What you have to do: Each line below must be reproduced exactly as it stands. Pictures stay out of the copy.

Stored data entries:

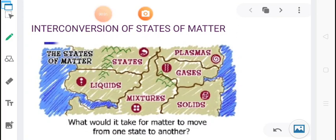Good morning. Today we will discuss about interconversion of states of matter. We know that matter exists in five different states: solid, liquid, gas, plasma, and Bose-Einstein condensate. But we will be focusing primarily on the first three states: solid, liquid, and gas.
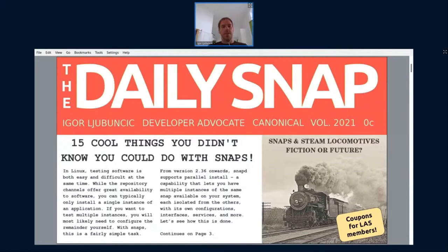Welcome to the presentation. My name is Igor Impossible-Lasne. I work at Canonical. I'm a developer advocate on the Snapcraft team. Today I want to talk to you about some interesting things that can help your life either as a developer or an end user.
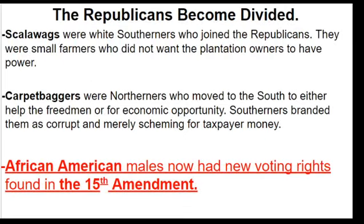With the economically poor South, two things happened. First, you had the Scallywags — white Southerners who joined the Republicans. They were small farmers who did not want the plantation owners to have power. These Scallywags supported Reconstruction and wanted things to get better versus returning to the old ways of before and during the Civil War. The second term was the Carpetbaggers — Northerners who traveled to the South to take advantage of the crashed economy. They're called Carpetbaggers because they carried everything they owned in a little carpet bag.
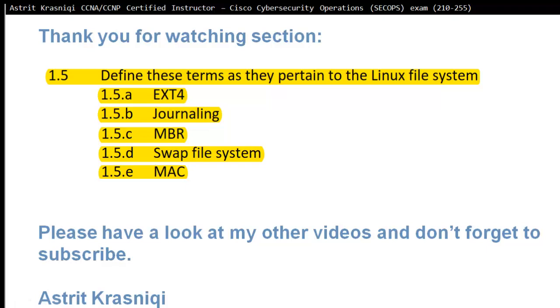Thank you for watching this section 1.5, define these terms as they pertain to the Linux file system. We talked about ext4, what is journaling, the MBR or master boot record, what is swap file system, and message authentication code. Please have a look at my other videos and don't forget to subscribe. This has been Astrid Krasnicki, and bye bye.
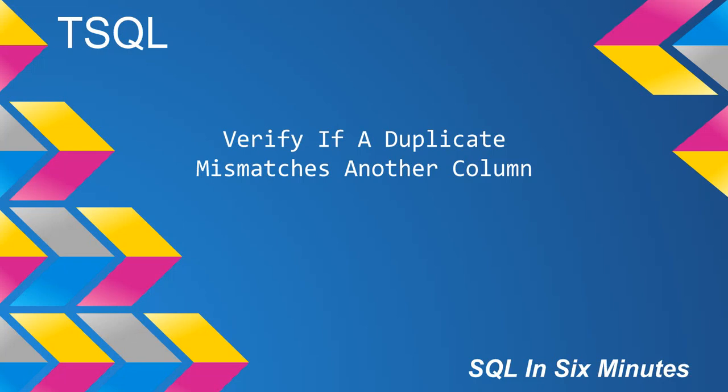This morning we're going to cover how to verify if a duplicate mismatches another column in T-SQL. In this channel we haven't covered left joins or left outer joins very much, so I thought this would be a good example of how to use it.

Result below:
Good morning. Today we will discuss about interconversion of states of matter. We know that matter exists in five different states: solid, liquid, gas, plasma, and Bose-Einstein condensate. But we will be focusing primarily on the first three states: solid, liquid, and gas.
Welcome to the presentation. My name is Igor Impossible-Lasne. I work at Canonical. I'm a developer advocate on the Snapcraft team. Today I want to talk to you about some interesting things that can help your life either as a developer or an end user.
With the economically poor South, two things happened. First, you had the Scallywags — white Southerners who joined the Republicans. They were small farmers who did not want the plantation owners to have power. These Scallywags supported Reconstruction and wanted things to get better versus returning to the old ways of before and during the Civil War. The second term was the Carpetbaggers — Northerners who traveled to the South to take advantage of the crashed economy. They're called Carpetbaggers because they carried everything they owned in a little carpet bag.
Thank you for watching this section 1.5, define these terms as they pertain to the Linux file system. We talked about ext4, what is journaling, the MBR or master boot record, what is swap file system, and message authentication code. Please have a look at my other videos and don't forget to subscribe. This has been Astrid Krasnicki, and bye bye.
This morning we're going to cover how to verify if a duplicate mismatches another column in T-SQL. In this channel we haven't covered left joins or left outer joins very much, so I thought this would be a good example of how to use it.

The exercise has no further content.